# Vision-Language Capability Ledger — Purpose

## Threat model (one paragraph)

Demonstrate a frontier vision-language model capability claim — on a model
that explicitly markets vision-grounded capability (GPT-4V, GPT-4o-Vision,
Claude 3 / 3.5 Vision, Gemini 1.5 / 2 Pro Vision, Llama 3.2-Vision, Mistral
Pixtral, OpenGVLab InternVL3, Alibaba Qwen2.5-VL) — that survives six
closure audits on the 2024–2026 corpus: **(1) image-search / web-snapshot
contamination, (2) OCR-extracted-text leakage, (3) vision-tokenizer-format
brittleness (resolution, patch-size, aspect-ratio), (4) cross-VLM-architecture
portability, (5) multi-image / video / interleaved generalization, (6)
held-out anti-saturation construction (MMMU-Pro / BLINK / MMVet held-out by
design).** A clean trigger requires independent third-party verification
(METR / Apollo / AISI / Stanford CRFM HELM-vision) within 6 months.

## Why this ledger exists

VLM capability claims drive multimodal product deployment, agentic robotic
control, and safety-evaluation infrastructure. **MMMU-Pro 2024-Q4 audit**
shows frontier VLMs drop 14–23pp absolute vs MMMU-v1; **Tong-Du-Liang Eyes
Wide Shut 2024** finds VLMs match captions but fail visual-detail probes
(CLIP-blind-pair audit: 25–40% "vision-grounded" answers are caption-only;
BLINK 47pp visual-vs-language reasoning gap). The vendor-claim half-life
on VLM benchmarks is a cousin of the text-only 73-day half-life.
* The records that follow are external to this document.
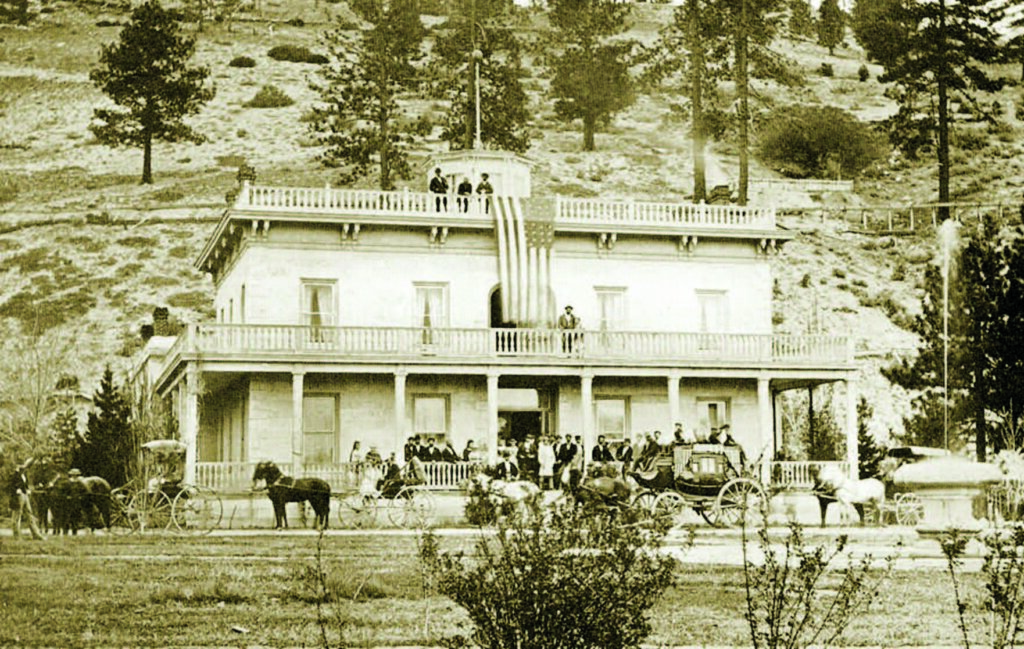 Building with American flag, people standing and horse-drawn carriages in front, set against a wooded hillside background.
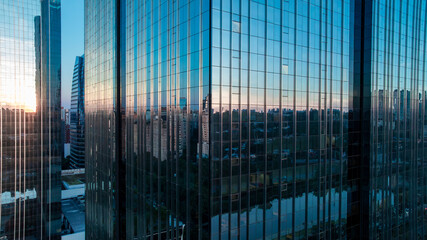Abstract aerial sunset reflection of city skyline on glass curtain wall of a skyscraper in Sao Paulo, Brazil - Drone DJI Mavic 3 © ANDRE
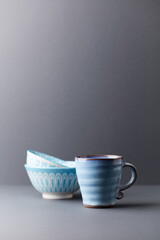 Traditional, handcrafted ceramic on gray background. Soft focus. Copy space.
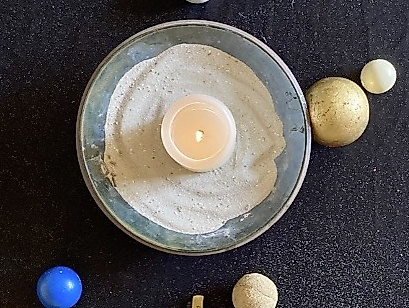 Eine brennende Kerze in einer mit Sand gefüllten Schale und ein Kreuz und Perlen darum herum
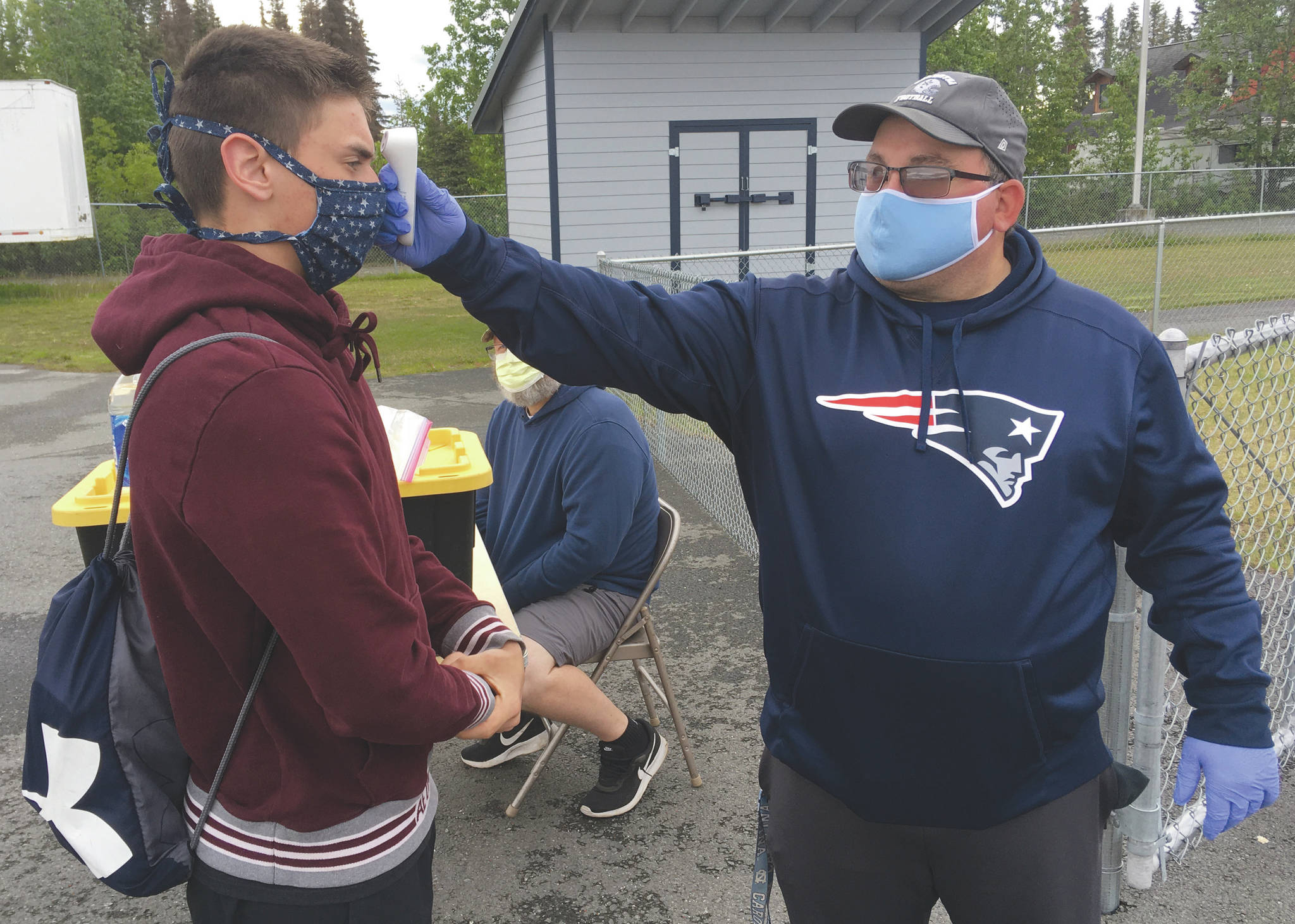 Soldotna assistant football coach Eric Pomerleau checks the temperature of sophomore Joseph Whittom before summer workouts Wednesday, June 17, 2020, at Soldotna High School in Soldotna, Alaska. (Photo by Jeff Helminiak/Peninsula Clarion)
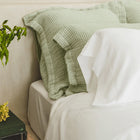 Murmur Euro Sham by Rest & Reset styled with natural elements, enhancing a relaxed and organic bedroom aesthetic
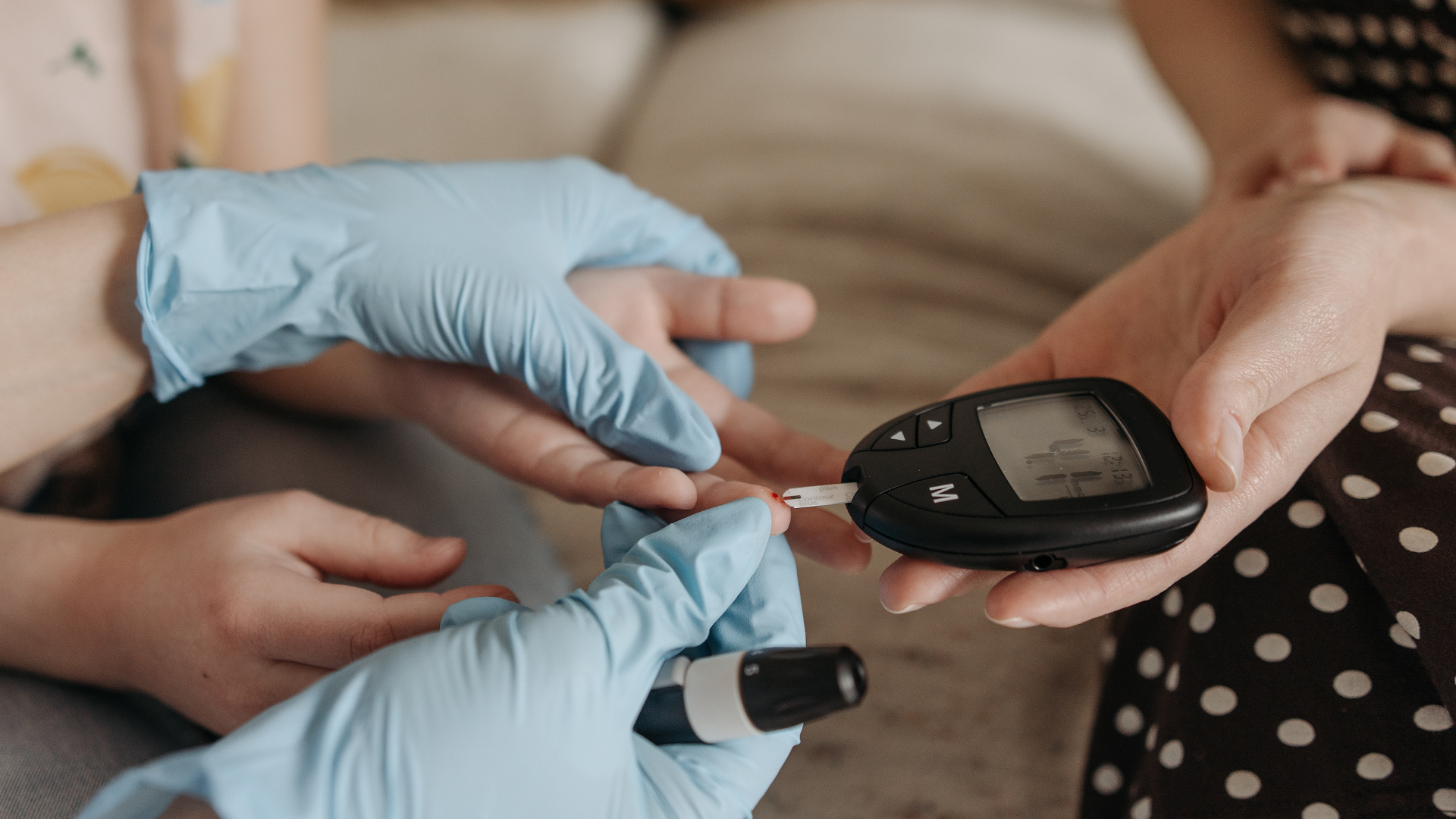 Young person having their blood sugar taken with nurse and carer 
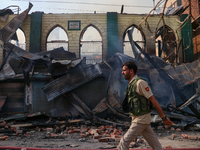 An old mosque is in shambles after a fire engulfed a congested neighborhood in Old City, Srinagar, Indian Administered Kashmir, on June 24,...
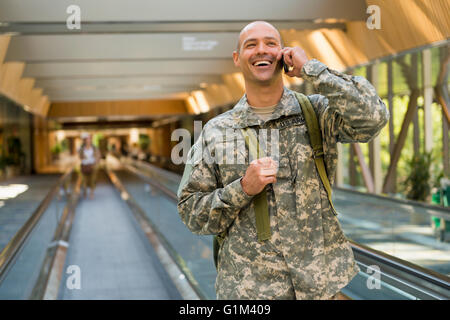 Caucasian soldier talking on cell phone in airport Stock Photo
## Empty-space hypothesis (predeclared)

We predict that **no 2024–2026 paper triggers Bills 4, 7, or 10 cleanly**:

- **Bill 4 ★** — Causally-faithful vision-grounding mechanism survives
  intervention experiments. Direct cousin to Mech Interp Bill 11 ★ + Reasoning
  Bill 6 ★ + Scaling Laws Bill 5 ★. Eyes Wide Shut + CLIP-blind-pair audits
  predict 0 clean triggers.
- **Bill 7 ★** — Cross-benchmark generalization (MMMU ↔ MMVet ↔ BLINK ↔
  MathVista). Yue-Bommasani 2024-Q4 MMMU-Pro audit predicts pairwise
  correlations r=0.31–0.51 — well below r≥0.95 clean-transfer threshold.
- **Bill 10 ★** — Universal vision-task coverage (chart + text + spatial +
  counting + temporal). Anand-Goyal 2025 predicted to find 0/9 frontier VLMs
  pass all 5 sub-tasks; counting + spatial + temporal-video are systematic gaps.

## Authorship

Kevin Russell (Project 42).
Pre-publication draft, do not cite without permission.

## Status

Stage 1 (SCOPE) — purpose written. Target v0.2 lock 2026-Q3.